Honors World History 9
Mr. Rob Morris
Idaho Falls High School 2012-2013
Honors World History is a new three-semester class that combines what were formerly Western Civilization I, II and III and History of the Twentieth Century. Students will learn about and gain an appreciation of the roots of what has become commonly known as Western Civilization, from ancient Greece and Rome through the Middle Ages, Renaissance, Reformation and Enlightenment. They will also explore how the western world developed into the Twentieth Century, and how it interacted with the civilizations of Latin America and Africa.
Honors students will be expected to master all content contained in the regular curriculum, but to demonstrate a deeper mastery through extensive discussion, tests that require more synthesis of learned material, challenging writing assignments, and two reading projects during the course of the year (see Reading List I)
Basic Course Outline
Unit One— History Themes, History Toolbox, Etc.
Unit Two— Ancient Greece
Mini-Unit— Alexander the Great and the Hellenistic World
Unit Three— Ancient Rome and the Roman Republic
Unit Four— The Roman Empire: Rise and Fall
-------------------------------------------------End First Trimester
Unit Five— The Middle Ages
Unit Six— The Renaissance
Unit Seven— The Reformation
Unit Eight— The Enlightenment
Unit Nine— Emergence of Nation-States and Representative Government
Unit Ten— The French Revolution and Napoleon
Unit Eleven— The Industrial Revolution
--------------------------------------------- End Second Trimester
Unit Twelve—Nation-States, War, and Imperialism
Unit Thirteen—Balance of Power and World War I
Unit Fourteen—Isolationism and Internationalism
Unit Fifteen—World War Two
Unit Sixteen—Problems of Post-WWII World
Required Materials for this Class
- One composition notebook (pages are sewn in). This book will be used for all journals, notes, and other writing assignments and will be graded at least once a month. This notebook will be worth 100 points per week—50 for notes and 50 for journal/other.

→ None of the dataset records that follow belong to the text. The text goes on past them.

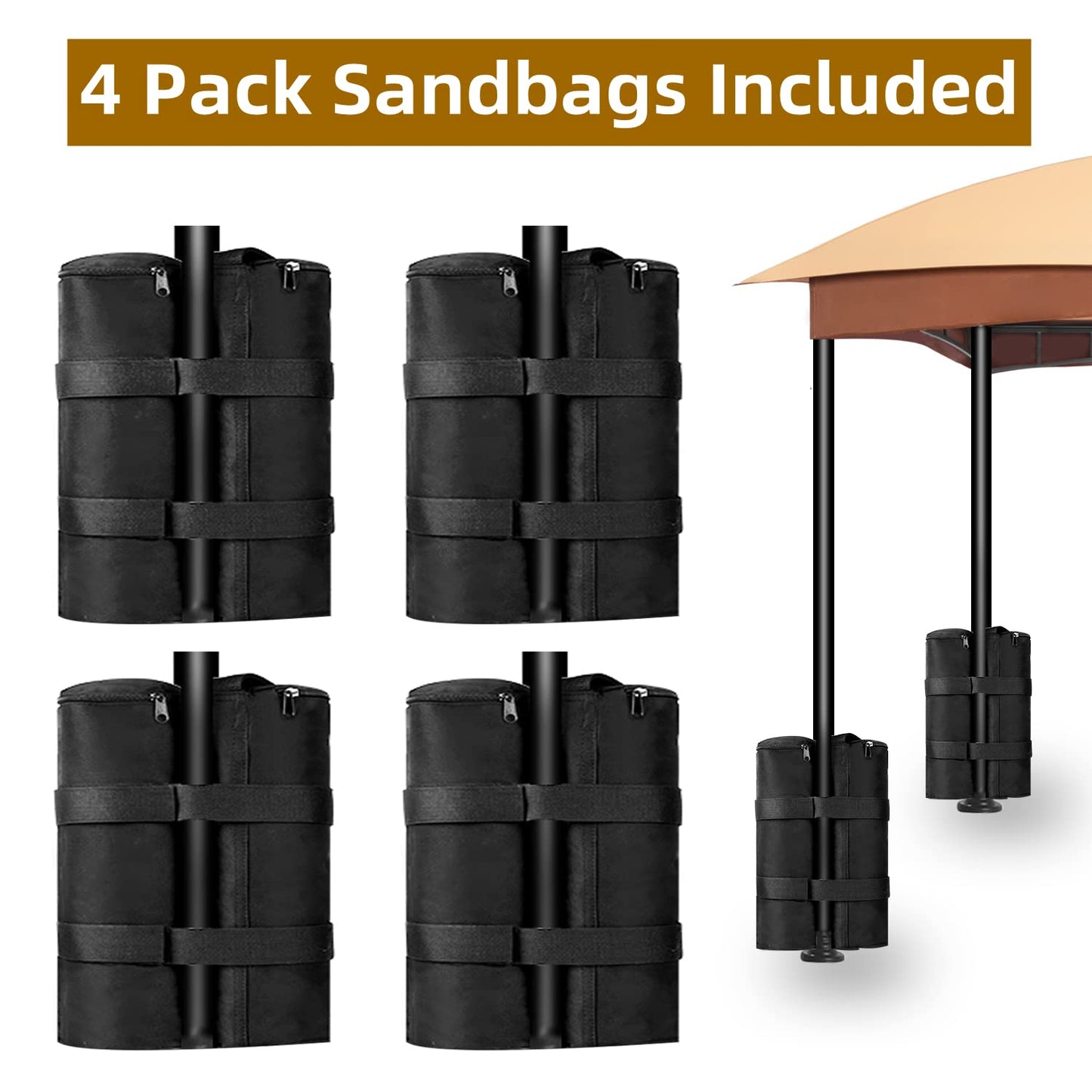 10x10 Heavy Duty Patio Gazebo with Netting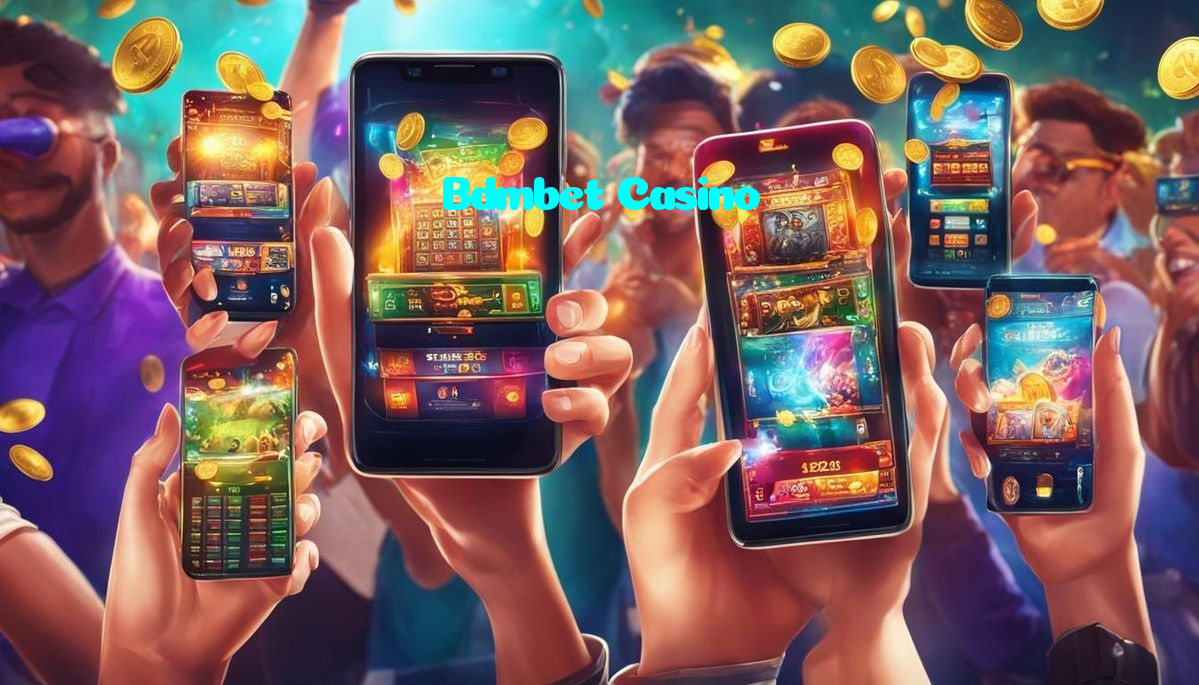 Bdmbet Casino casino presented on mobile device in Pakistan with slots and live games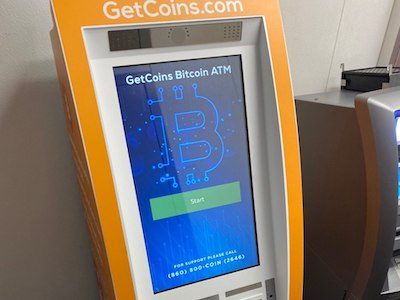 Getcoins - Bitcoin ATM - Inside of Exxon in Columbia, Maryland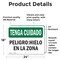 Signmission 18 in Height, 24 in Width, Vinyl Decal, Rectangle, Spanish OS-2PACK-BC-D-1824-L-10013 - alternate 2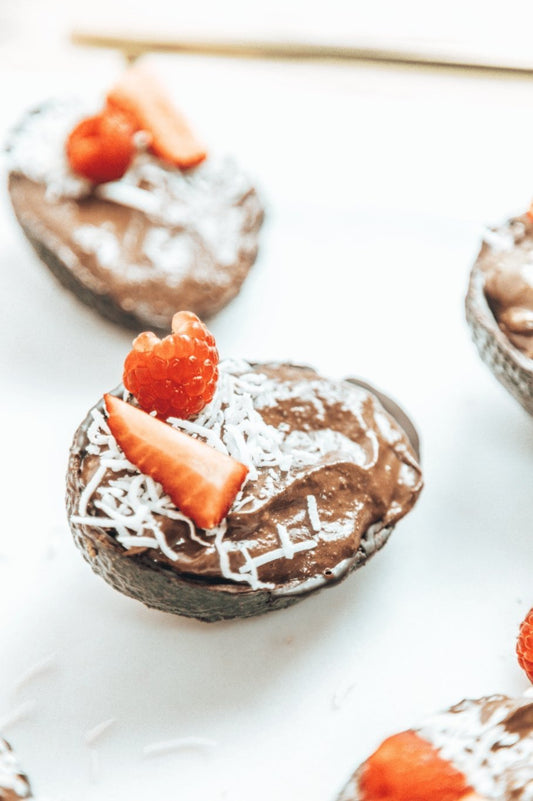 Avocado Choc Caramel Mousse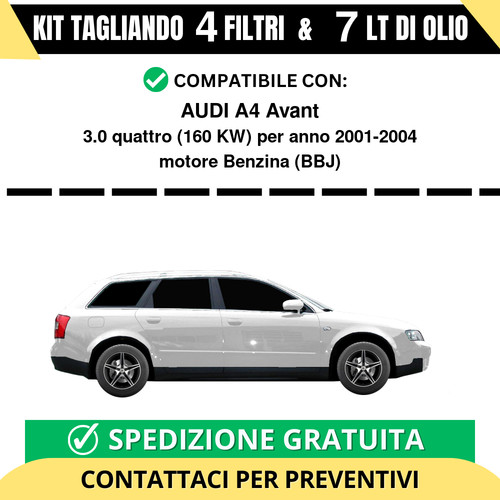 Tagliando per audi avant - a4,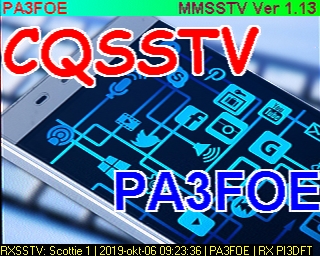 PA3FOE: 2019-10-06 de PI3DFT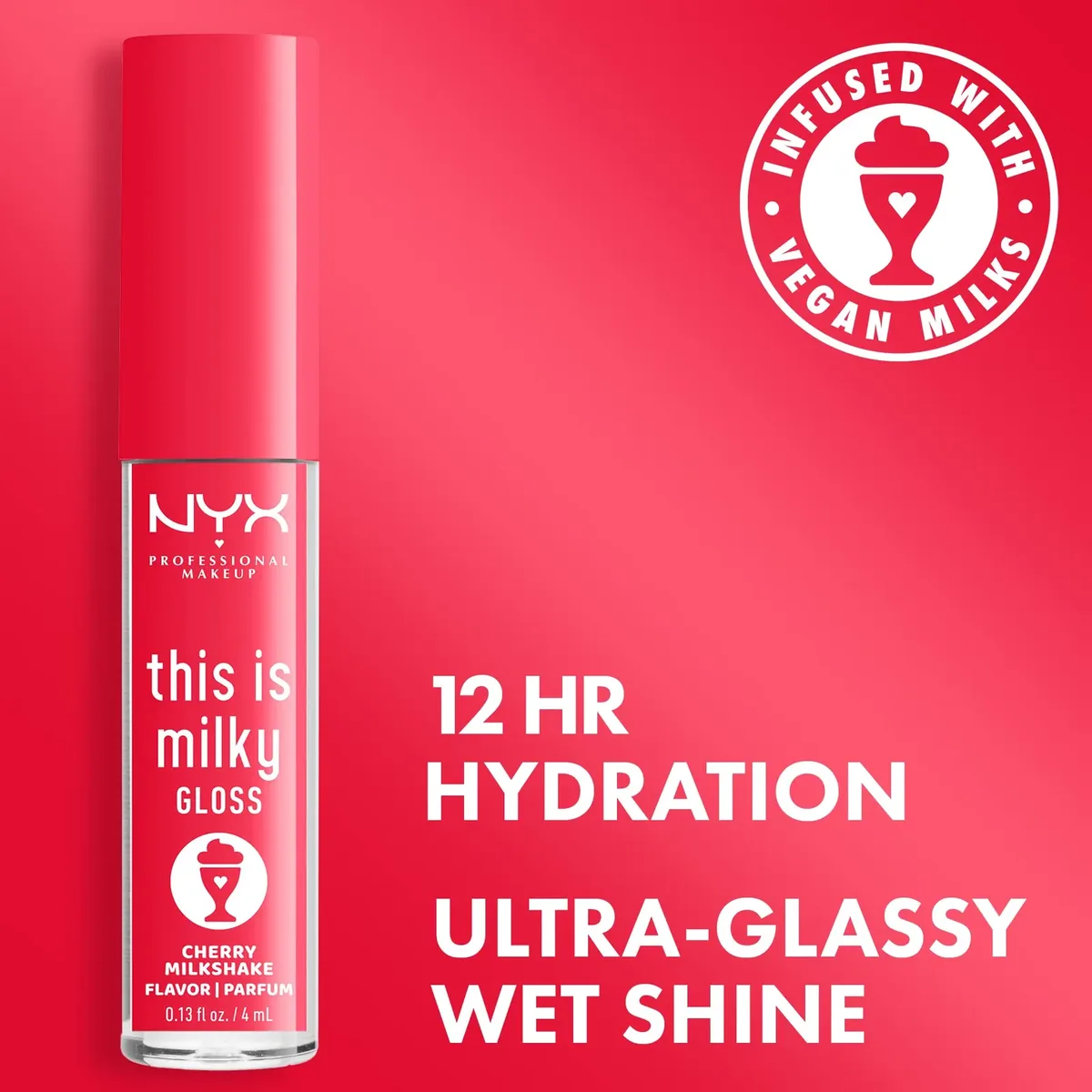 NYX Cherry Milkshake Lip Gloss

- Textbook—McDougal Littell Ancient World History: Patterns of Interaction.
- Writing utensil/planner. No-brainer on these.
- Loose leaf paper
- Colored pencils for maps/projects
Students must receive a score of 70% to pass the class.
Points are assessed as follows:
ü Notes and Journal--- 100 points per month
ü Quizzes—anywhere from ten to sixty points, depending on content
ü Tests—100-150 points (about every three weeks)
ü Current Events—10 points, due every Friday of the school year.
ü Book Homework—anywhere from 4 to 8 points
ü Other work as assigned (group work, projects, papers, maps, etc)—varies but usually under 50 points.
ü Trimester Final Exam—200 points
ü Trimester Final Project—20 to 100 points
ü Book Project due by end of second trimester, no matter which teacher you start with.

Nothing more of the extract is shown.